GOP Rep. Rob VerHeulen of Walker said he introduced the bill to give the Legislature a voice in court and maintained that the legislation does not encroach on the authority of the attorney general.
The bill would allow the Legislature to intervene in cases where the state has a right or interest, such as a pending lawsuit challenging House floor procedures during the repeal of prevailing wage earlier this year.
“We’re seeing more and more public policy issues decided in the courts,” VerHeulen said, noting that the bill’s association with other legislation that would challenge the powers of incoming politicians is “regrettable.”
Five Republican representatives voted against the bill: Rep. Julie Calley of Portland, Rep. Larry Inman of Williamsburg, Rep. Dave Maturen of Brady Township, Rep. Dave Pagel of Berrien Springs, and Rep. Brett Roberts of Eaton Township.
The bill was opposed by Democratic House lawmakers, who characterized the bill as an “unconstitutional power grab” that would subvert the will of the people who just elected Nessel.
“This legislation tramples on the rights of private citizens,” said Democratic Rep. Tim Greimel of Auburn Hills, noting that the legislation would allow the House or Senate to intervene in lawsuits among private parties if it is deemed in the interest of the state.
Speaker-elect Lee Chatfield agreed with the criticism about the timing of the bill, less than four weeks ahead of the inauguration of a Democratic governor, attorney general and secretary of state.
But the legislation is necessary for the Legislature to have a voice in court, where “legislation through litigation” is more and more common, he noted. The courts currently can allow the Legislature to make a filing in a case, but judges are not required to do so.

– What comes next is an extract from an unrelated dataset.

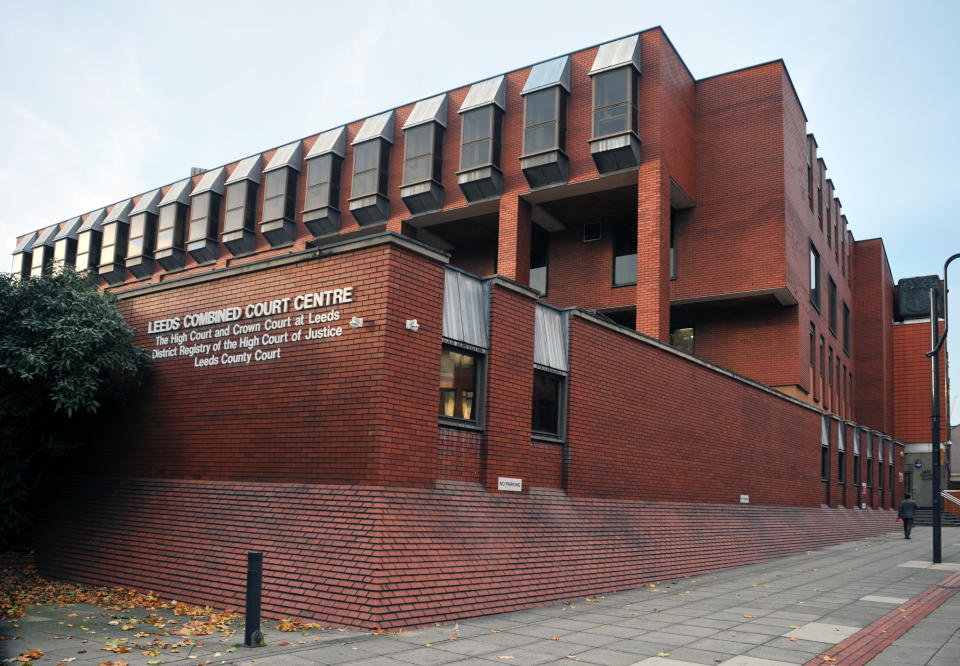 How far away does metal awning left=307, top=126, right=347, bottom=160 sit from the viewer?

"We need to have the opportunity to express our view in a courtroom," Chatfield said.
The bill provides some leeway for the chambers to decide how they would vote to intervene in a court case. VerHeulen said Tuesday the decision likely would be made by a majority vote of the House or Senate.
Opponents have said, at best, the legislation duplicates the representation already available to the House and Senate. At worst, it is an effort to dilute the power of the incoming attorney general, they said.
The legislation seems to challenge the judiciary’s discretion regarding whether the Legislature has standing in a case, House Minority Leader Sam Singh, D-East Lansing, said Tuesday.
The bill passed shortly after a Senate committee Wednesday approved bills that would move the campaign finance responsibilities of incoming Democratic Secretary of State Jocelyn Benson to a bipartisan commission.